[Records shown — start]
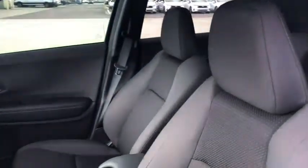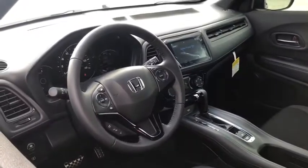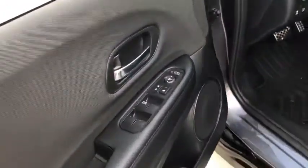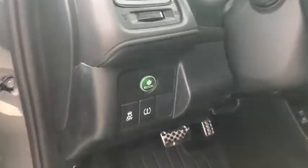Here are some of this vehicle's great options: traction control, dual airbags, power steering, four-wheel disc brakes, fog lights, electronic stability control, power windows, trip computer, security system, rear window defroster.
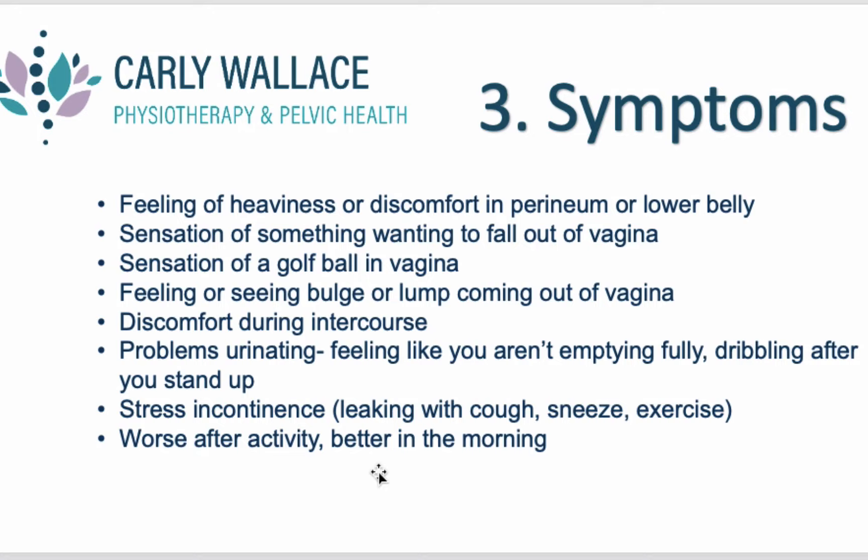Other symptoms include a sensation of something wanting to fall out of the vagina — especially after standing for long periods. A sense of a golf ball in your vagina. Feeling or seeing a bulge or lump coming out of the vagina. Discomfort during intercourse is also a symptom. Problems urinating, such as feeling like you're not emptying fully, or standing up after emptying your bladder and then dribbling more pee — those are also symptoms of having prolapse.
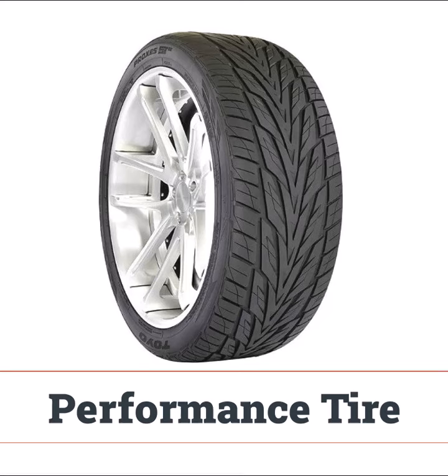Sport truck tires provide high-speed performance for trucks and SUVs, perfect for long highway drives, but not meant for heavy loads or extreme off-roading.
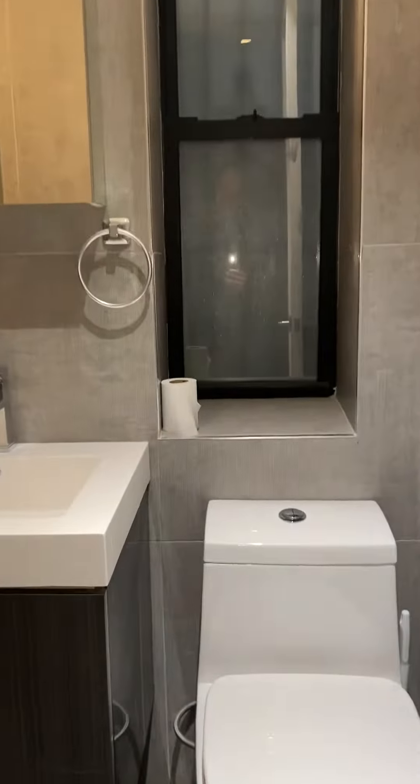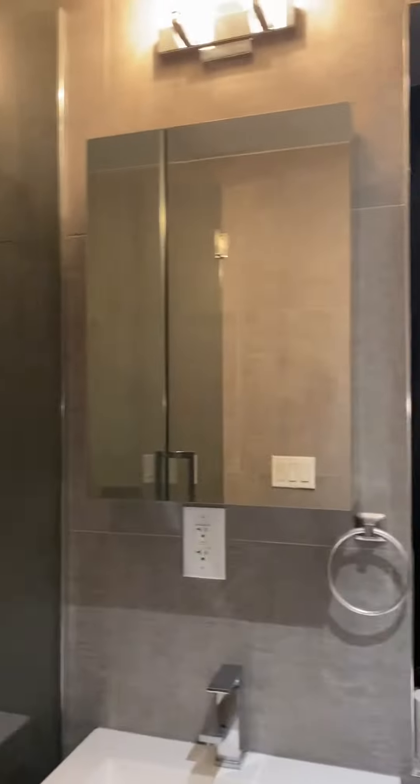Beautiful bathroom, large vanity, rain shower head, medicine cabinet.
[Records shown — finish]
[Records shown — start]
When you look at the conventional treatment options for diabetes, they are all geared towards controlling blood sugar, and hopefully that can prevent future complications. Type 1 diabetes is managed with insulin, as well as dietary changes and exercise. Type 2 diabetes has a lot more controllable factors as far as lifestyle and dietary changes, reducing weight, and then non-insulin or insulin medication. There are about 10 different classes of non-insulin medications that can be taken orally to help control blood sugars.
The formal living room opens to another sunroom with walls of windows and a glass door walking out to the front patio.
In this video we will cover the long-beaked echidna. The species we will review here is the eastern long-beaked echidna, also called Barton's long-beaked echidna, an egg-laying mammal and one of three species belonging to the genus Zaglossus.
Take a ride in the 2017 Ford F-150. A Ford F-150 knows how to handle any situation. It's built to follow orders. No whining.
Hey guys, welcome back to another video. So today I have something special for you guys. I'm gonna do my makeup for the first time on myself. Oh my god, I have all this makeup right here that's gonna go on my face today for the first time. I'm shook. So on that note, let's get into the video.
[Records shown — finish]
[Records shown — start]
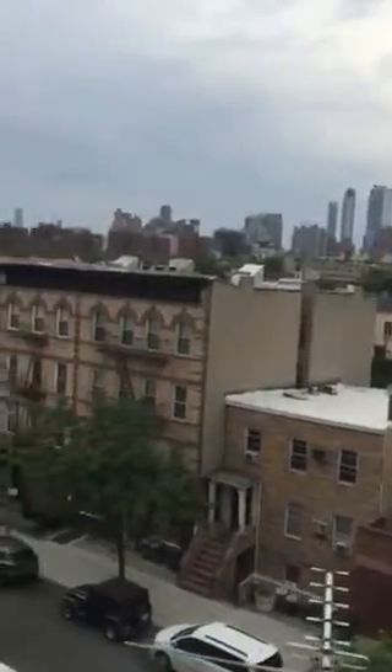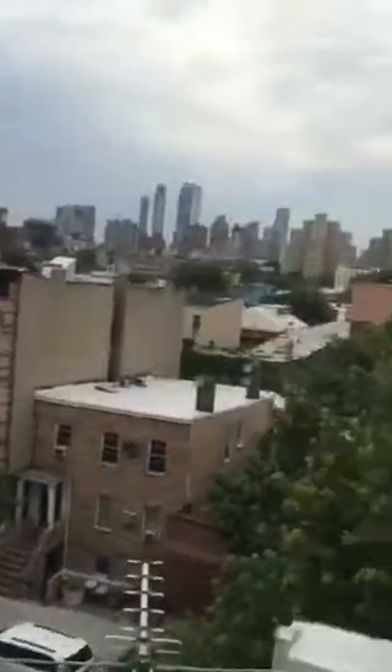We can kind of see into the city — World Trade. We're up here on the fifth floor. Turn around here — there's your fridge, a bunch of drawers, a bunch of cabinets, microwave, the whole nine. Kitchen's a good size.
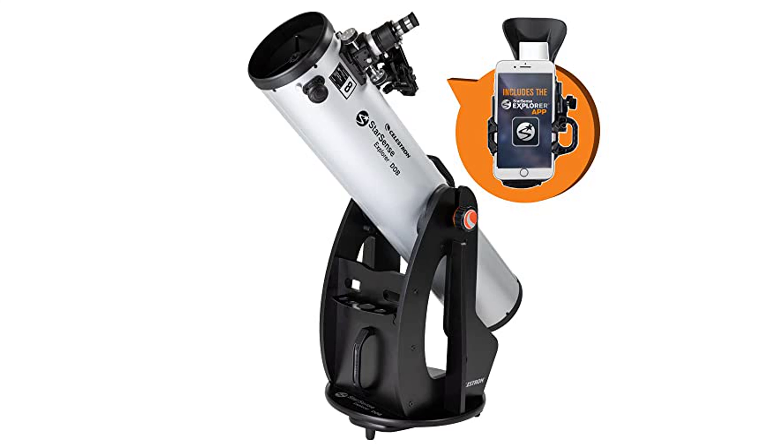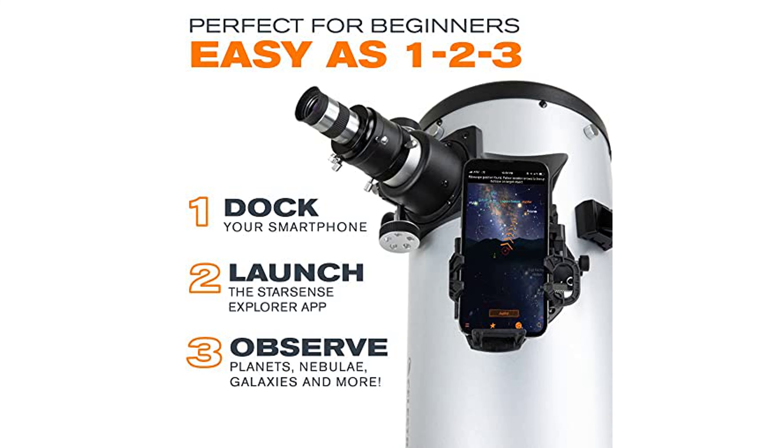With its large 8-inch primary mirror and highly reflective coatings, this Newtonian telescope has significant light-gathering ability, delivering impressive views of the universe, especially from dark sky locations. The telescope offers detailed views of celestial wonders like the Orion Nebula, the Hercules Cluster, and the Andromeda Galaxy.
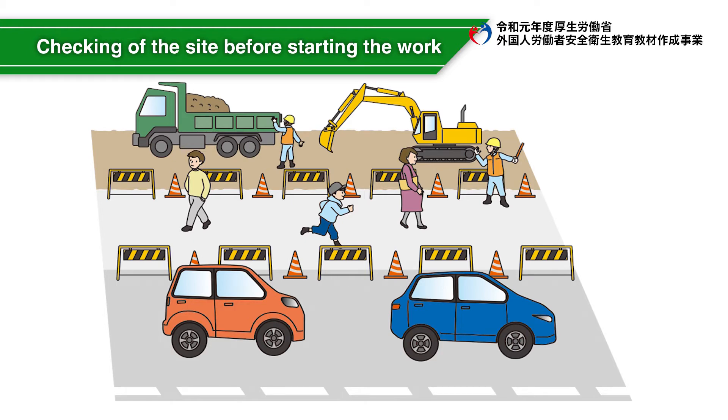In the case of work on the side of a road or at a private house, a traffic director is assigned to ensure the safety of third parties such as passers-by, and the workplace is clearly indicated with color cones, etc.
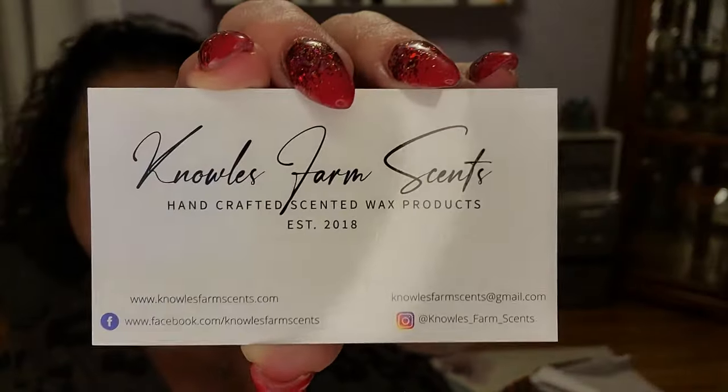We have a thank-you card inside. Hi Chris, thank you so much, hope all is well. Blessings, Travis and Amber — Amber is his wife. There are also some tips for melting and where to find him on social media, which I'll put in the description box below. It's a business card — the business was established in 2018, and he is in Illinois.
[Records shown — finish]
=== Task objective ===
Starting with the line that contains "Here are some" and finishing with the line that contains "Beautiful bathroom, large", reproduce every line of the material above exactly, but not the pictures.

=== Your solution ===
Here are some of this vehicle's great options: traction control, dual airbags, power steering, four-wheel disc brakes, fog lights, electronic stability control, power windows, trip computer, security system, rear window defroster.
Other symptoms include a sensation of something wanting to fall out of the vagina — especially after standing for long periods. A sense of a golf ball in your vagina. Feeling or seeing a bulge or lump coming out of the vagina. Discomfort during intercourse is also a symptom. Problems urinating, such as feeling like you're not emptying fully, or standing up after emptying your bladder and then dribbling more pee — those are also symptoms of having prolapse.
Sport truck tires provide high-speed performance for trucks and SUVs, perfect for long highway drives, but not meant for heavy loads or extreme off-roading.
Beautiful bathroom, large vanity, rain shower head, medicine cabinet.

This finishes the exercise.